No doubt, at least one person will be bringing guacamole to your barbecue this weekend. If not someone else, then it’s on you because a BBQ is not a BBQ without guacamole, even if you’re serving a food that seemingly has nothing to do with guacamole. No one will not eat a burger, steak or even grilled lobster with a little guacamole smeared onto it.
You think I’m kidding? Try it. Serve sushi this weekend. Or Korean barbecue. Or even a Boeuf Bourguignon. If you put guacamole out on the table, it will get eaten.
Unless there are tomatoes in it.
See, we never understood the addition of tomatoes to guacamole. (We never understood cilantro, either, but that’s sort of a different topic.)
If You Say Tomato, Let’s Call the Whole Thing Off
Our guacamole has never been tainted with the ripe red of chopped tomatoes.
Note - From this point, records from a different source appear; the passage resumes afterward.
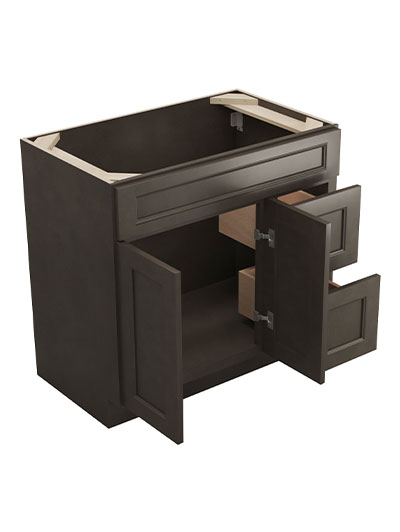 TS-S3621BDR-34-1/2″: Townsquare Grey 36″ Right Drawers (2) Vanity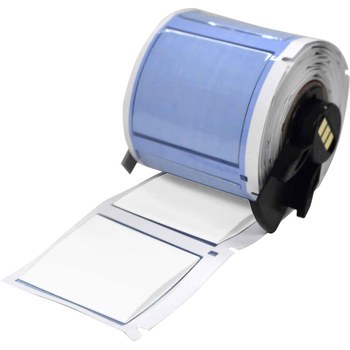 Picture of Brady PermaSleeve White Polyolefin Thermal Transfer M6-1000-175-342-WT Heat Shrink Wire & Cable Labels (Main product image)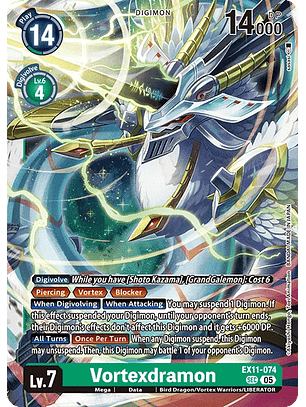 EX11-074 SeC Vorterxdramon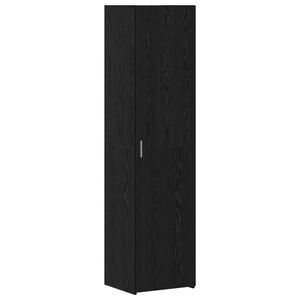 vidaXL Highboard 2 pcs Black Oak 45 x 42.5 x 185 cm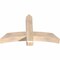Ekena Millwork Bellingham Smooth Timber Gable Bracket, Douglas Fir, 48"W x 30"H x 5 1/2"D x 5 1/2"F, 15/12 Pitch GBW048X30X0606BEL00SDF - alternate 2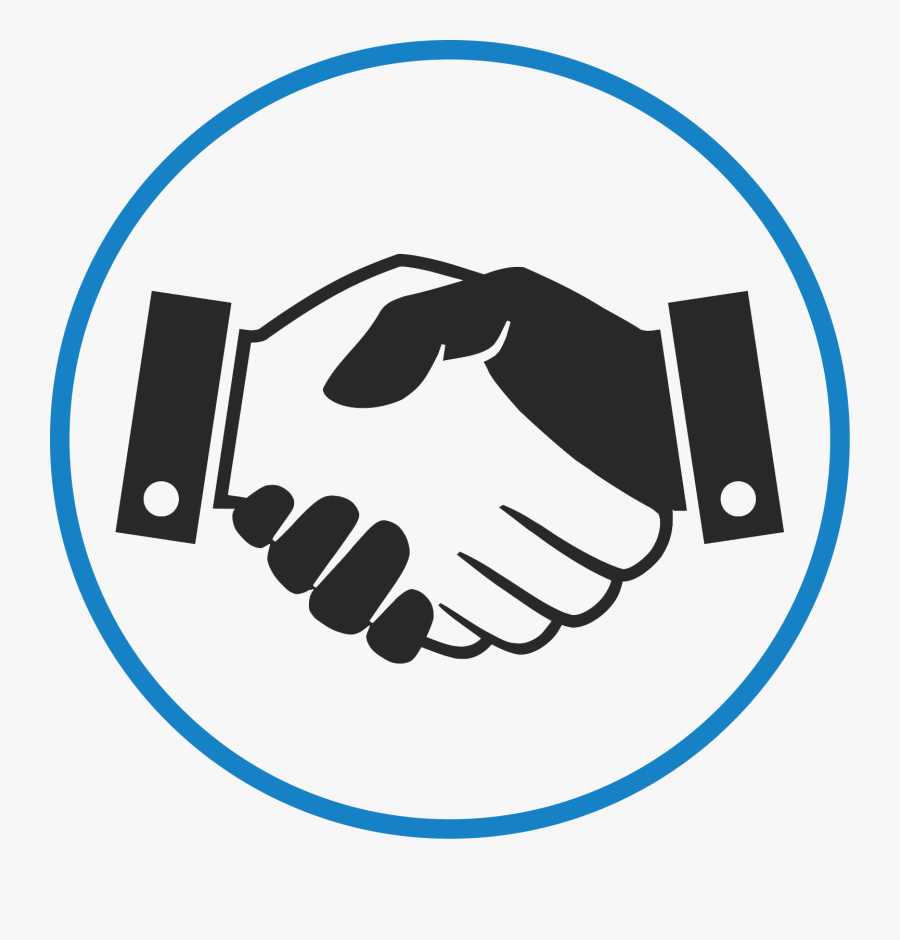 Illustration Of A Handshake - Transparent Background Handshake Png, Transparent Clipart
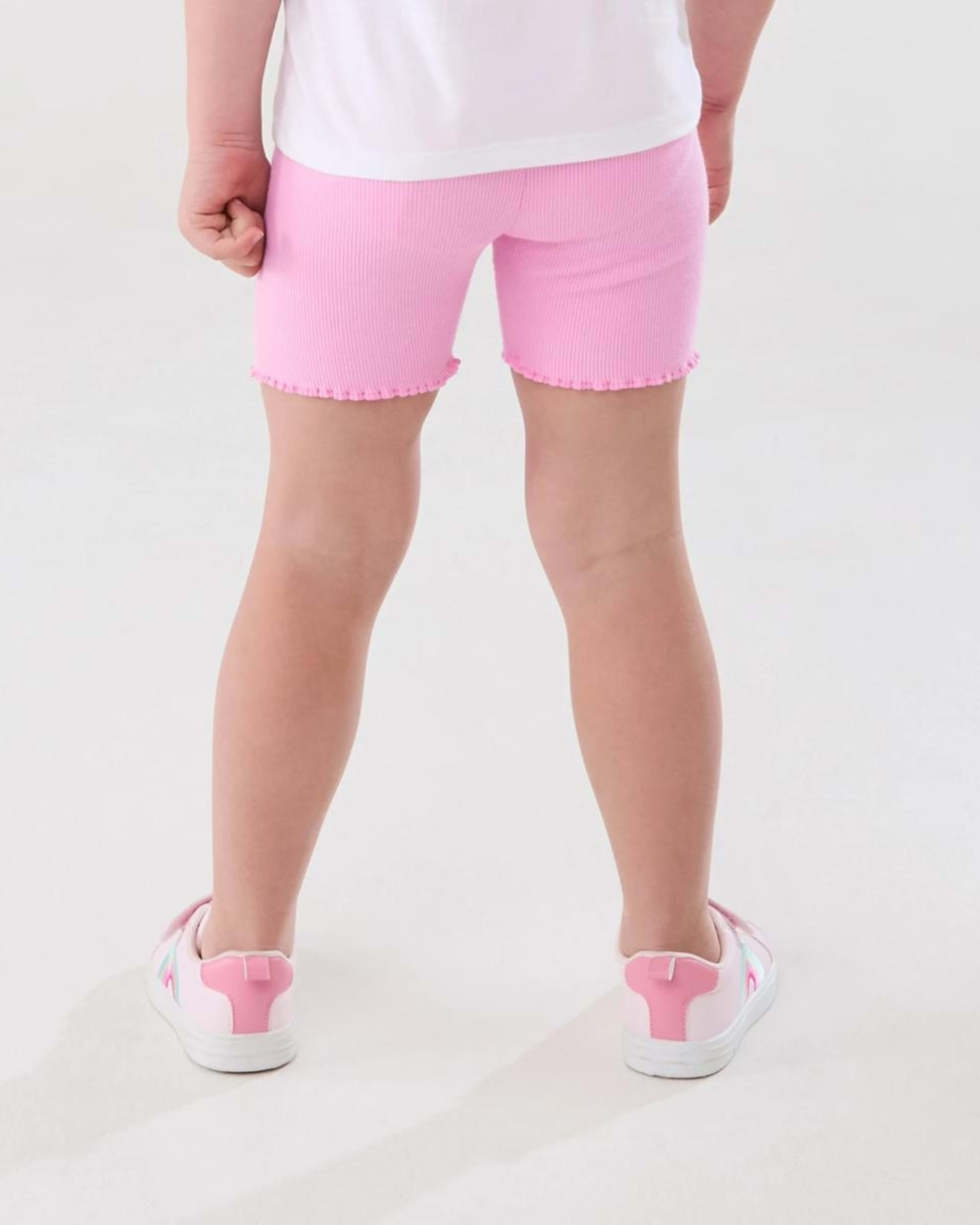 2 Printed Rib Bike Shorts PRISMATIC PINK, 2 of 5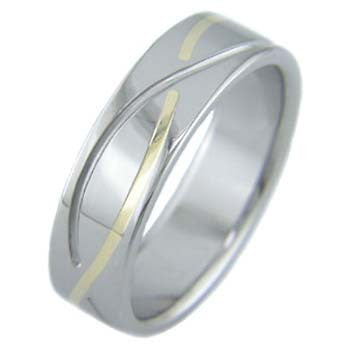Boone Precious Metal Titanium Ring - Infinity Gold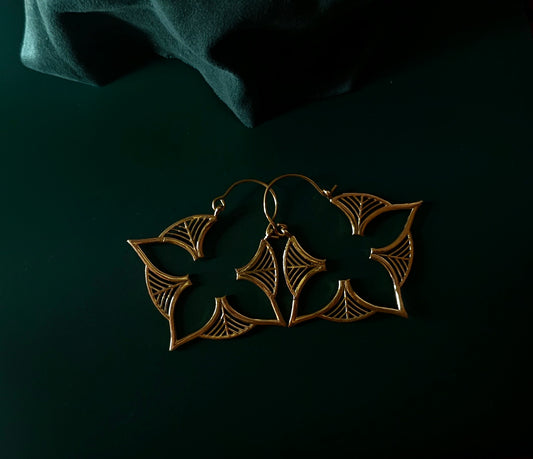 Handcrafted brass earrings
It has always been (and always will be, now that we’ve actually developed a very real allergy tomatoes in the last year) bright creamy green, confetti-ed with different shades of green only from jalapeno peppers, sometimes scallions, and sometimes parsley (yes, we know, totally wrong, but we can’t, just can’t eat cilantro).
Guacamole is made from avocados; salsa is made from tomatoes.
And now that we’ve gotten that off our chests…
We have a confession to make about our guacamole.
We also use an ingredient that embarrasses us (and it’s not the substitution of parsley for cilantro). It’s not that we’re ashamed to keep the ingredients locked away in our spice cabinet, all the way in the back, dark corner where no one who happens to be guest-cooking in our kitchen might see it. No, we just don’t think anyone could really trust us if we ever admitted that one of the ingredients we use in our basic “fresh” guacamole is…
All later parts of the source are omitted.